ガタゴトと車輪が重い音を立てて走り出す。
車窓からは錦江湾の濃い青と、その向こうに雄大に腰を下ろす桜島が姿を現した。
真夏の太陽を反射してギラギラと眩しく輝く大自然。
けれど今の私たちには、その眩しさが心を切り裂く刃物のように痛かった。
左右に揺れる車内、ふと思い立ってポケットからスマホを取り出す。
パッと点灯した画面の隅には——
『バッテリー残量 3%』
あ、そうだ……。
私、気分が落ち込んで、スマホの充電し忘れてたんだった。
でも、どうしよう。
勝手に抜け出してきたから、部員や顧問からも連絡が来るかもしれないのに、このままじゃもう電源切れちゃう……。
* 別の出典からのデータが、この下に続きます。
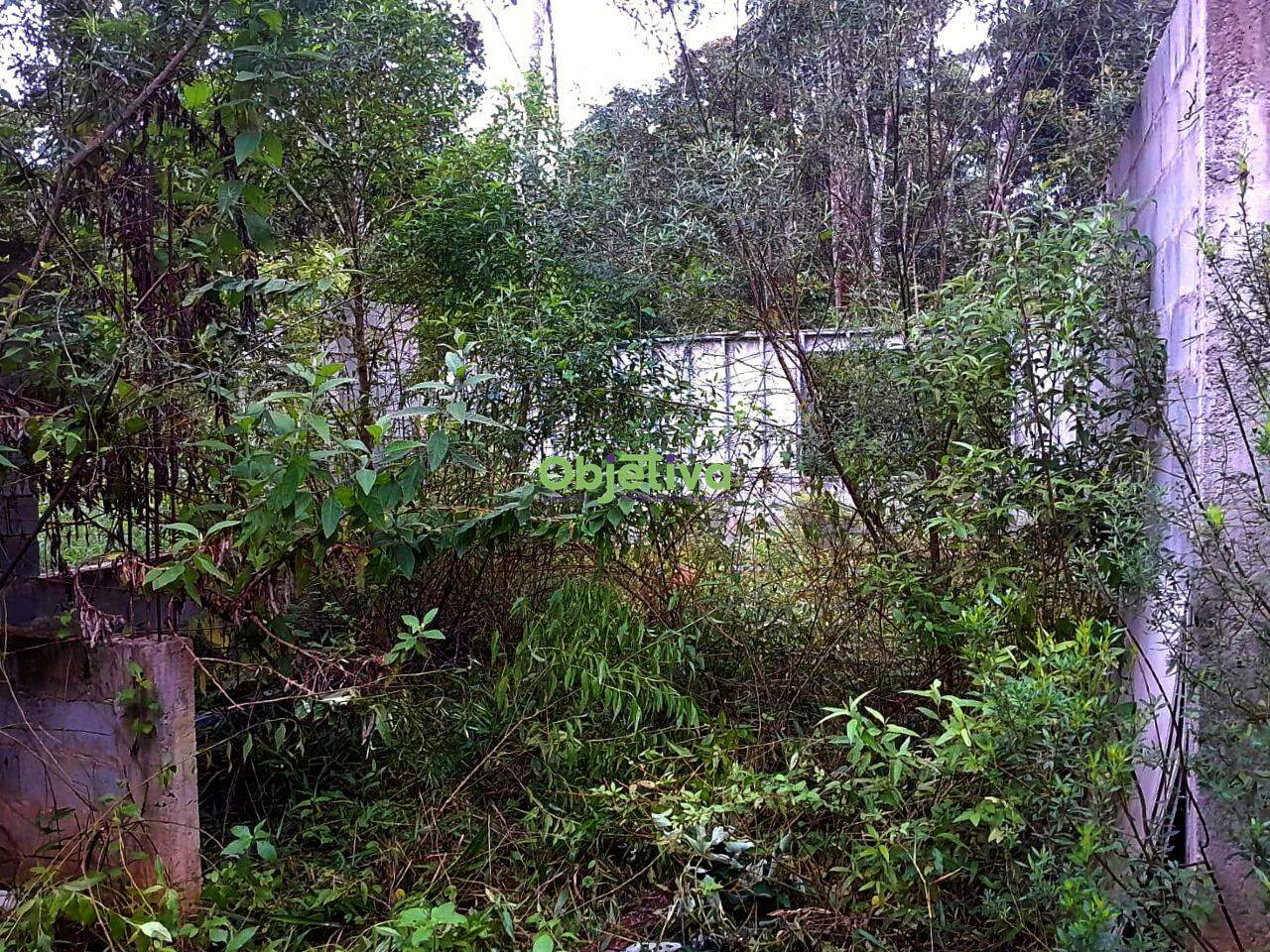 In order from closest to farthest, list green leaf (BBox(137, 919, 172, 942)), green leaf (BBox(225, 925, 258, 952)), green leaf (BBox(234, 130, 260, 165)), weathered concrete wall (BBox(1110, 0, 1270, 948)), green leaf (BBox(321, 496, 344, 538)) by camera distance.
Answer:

世界との繋がりが途切れようとしている数字を見つめながら、私は静かに息を吐いた。
重い車輪の音が、足元から全身へと振動として伝わってくる。
日豊本線の普通列車は、鹿児島市内の喧騒を背にしてゆっくりと速度を上げた。
車内は昼下がりの空気が漂い、乗客の姿も疎らだ。
ボックスシートに並んで腰掛けた私たちは、冷房の風が吹き出す天井を仰ぎ見た。
律の額には、まだ薄っすらと汗の粒が浮いている。
さっき自販機で急いで買ったスポーツ飲料のペットボトルを、固く結ばれた彼の手にそっと握らせた。
結露した冷たい水滴が、律の指先を濡らす。
「律……飲んで。ごめんね、さっきは引き止められたからって、ちゃんと飲み物渡せなくて」
申し訳なさで縮こまる私を、律は少し意外そうに見つめた。
それから、どこか照れくさそうに「ありがと」と短く呟くと、キャップを捻って開けた。